President Donald Trump shared the first images of his planned presidential library in downtown Miami, posting a short video Monday night that depicts a skyscraper that appears to be about 50 stories tall and filled with reconstructions of parts of the White House, military vehicles and at least two gold statues of Trump.

The 100-second video, which Trump posted on his Truth Social platform, offers a series of views of the planned Donald J. Trump Presidential Library, represented as a gleaming glass and gold structure that would dwarf nearby buildings, topped by a red-white-and-blue spire.

Washington Post March 30, 2026

Word Count ~ 1500 7 min read

Just one day after images emerged of a proposed Trump Presidential Library — a gleaming 50-story Miami skyscraper flanked by two gold statues of the 47th president — sources close to the White House say the design is already on the scrap heap. Literally.

The president, according to insiders, reviewed the Miami tower renderings overnight and found them “too modest.” A skyscraper, he reportedly told advisors, is something any Manhattan developer can build. What he has in mind now is something “for the ages. For eternity. For a god on earth.”

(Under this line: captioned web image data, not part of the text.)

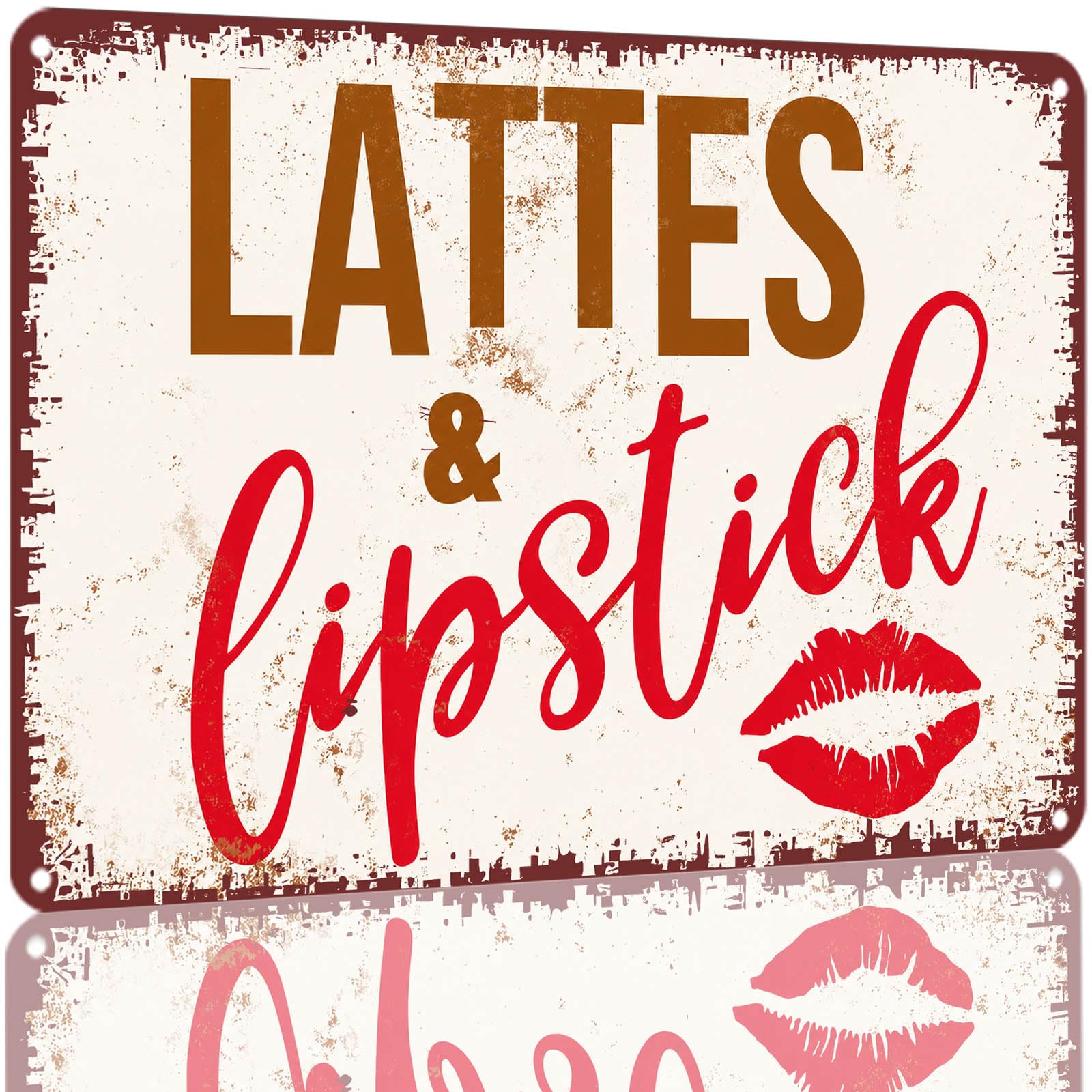 Kwqdozf As Pic Vintage Distressed Lattes And Lipstick Metal Tin Sign 8X12 Inch Retro Alumi
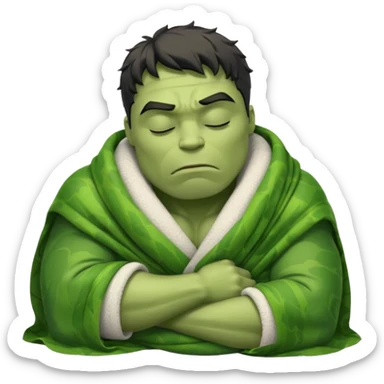 Incredible Hulk eyes closed sleeping curled up in a blanket up to his neck sticker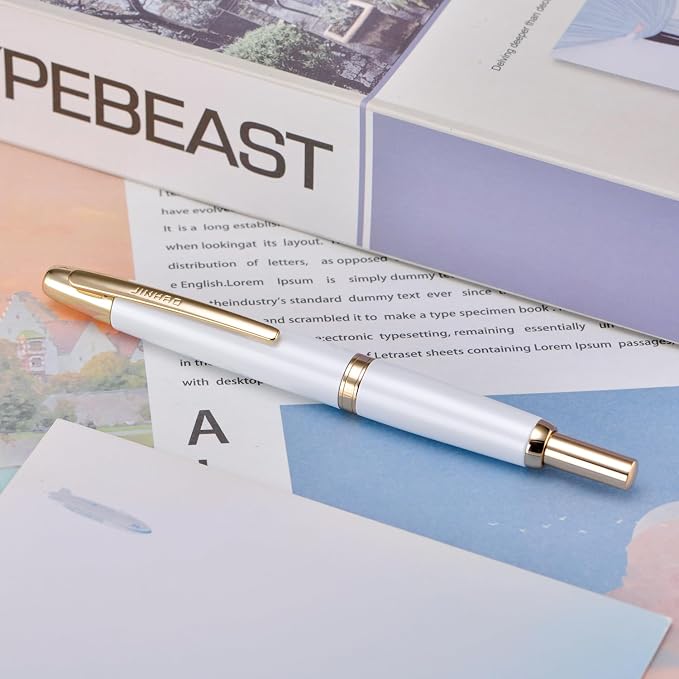 Jinhao 10 Press Fountain Pen with Box, Pearl White Retractable Medium Nib with Ink Converter Set (Golden Clip)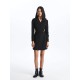 Casual Double Breasted Collar Straight Long Sleeve Women's Jacket Dress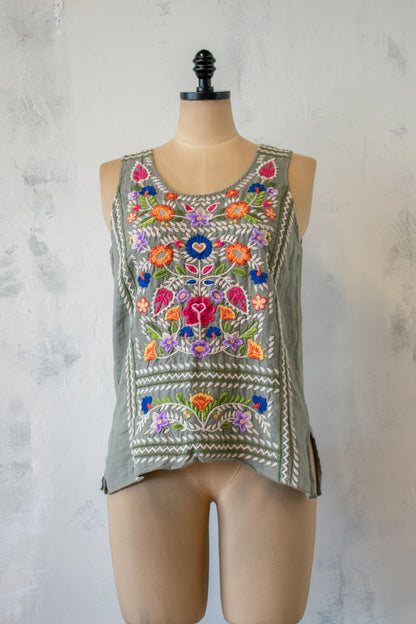 Johnny Was; Embroidered Linen Tank in Olive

The site: Mar-a-Lago, his storied Palm Beach estate, perched on a slim barrier island between the Intracoastal Waterway and the Atlantic Ocean. The current structure — a 128-room Mediterranean Revival mansion built in 1927 — would be demolished to make way for the new monument. “The old place was beautiful, really beautiful,” the president is said to have noted, “but it’s not a pyramid.”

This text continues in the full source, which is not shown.